Greenpeace Lauds Salesforce Energy Commitment 

Environmental advocacy organization Greenpeace has lauded cloud-sharing service Salesforce for sharing their energy information and committing to fuel a portion of their data center activity with renewable energy.

Sharing one’s data can be an important step in opening the energy efficiency computing conversation. At this week’s The Green Grid Forum, eBay delivered a keynote address introducing their essential efficiency data-sharing dashboard, which we will discuss in more detail on Friday.

In the meantime, environmental advocacy organization Greenpeace has lauded cloud-sharing service Salesforce for sharing their energy information and committing to fuel a portion of their data center activity with renewable energy.
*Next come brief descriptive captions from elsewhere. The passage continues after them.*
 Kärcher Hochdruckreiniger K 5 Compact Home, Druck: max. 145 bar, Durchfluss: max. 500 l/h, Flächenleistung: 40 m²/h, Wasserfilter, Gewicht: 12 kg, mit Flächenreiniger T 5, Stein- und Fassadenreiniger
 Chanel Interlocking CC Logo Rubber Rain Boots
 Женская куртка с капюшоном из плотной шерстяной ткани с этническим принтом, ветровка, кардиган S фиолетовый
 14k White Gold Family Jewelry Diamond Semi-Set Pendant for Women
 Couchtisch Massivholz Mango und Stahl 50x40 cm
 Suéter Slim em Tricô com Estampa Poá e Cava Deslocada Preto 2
Greenpeace recognizes that data center efficiency will become an increasing concern as the volume of data and the facilities built to house and process that data continues to grow. Reportedly, electricity used by those data centers grew 14 percent in 2012 and is projected to rise by another ten percent this year.

That the projected growth is at least slowing is an encouraging sign as new data centers increase their focus on improving metrics such as Power Usage Efficiency. From a usage standpoint, however, Salesforce is growing at even faster pace, with their emissions according to Greenpeace increasing by 50 percent in the last year. As such, their announcement to invest in using renewable energy to power their data centers is being met with enthusiasm from Greenpeace.
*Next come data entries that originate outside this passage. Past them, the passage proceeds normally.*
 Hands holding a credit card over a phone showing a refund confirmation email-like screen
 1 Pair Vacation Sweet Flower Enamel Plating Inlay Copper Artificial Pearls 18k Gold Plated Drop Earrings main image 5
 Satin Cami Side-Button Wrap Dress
Specifically, Salesforce announced that in the coming year they plan to take four steps in promoting cleaner energy. Those four steps, according to Salesforce, include “adopting a data-center siting policy that states a preference for access to clean and renewable energy supply, researching energy efficiency and renewable energy solutions for our future data centers, encouraging our data center energy providers to increase the supply of renewable energy, and convening peers, sustainability specialists and energy experts around data center energy issues.”

It is this fourth point that implies a sharing of information with other companies, the likes of which eBay is also doing this week. Creating a community similar to that of the open source developments that drive a significant amount of Hadoop advancements in the big data sector would be an important step to realizing energy efficient computing as a shared goal.

Greenpeace criticized other cloud sharing service companies such as Microsoft and Amazon for not yet revealing the environmental impact of their servers and facilities.

As the community grows, so too presumably will the amount of large scale cloud companies who invest in green computing ideals. Salesforce is taking a necessary step toward that and Greenpeace is going their job in promoting it.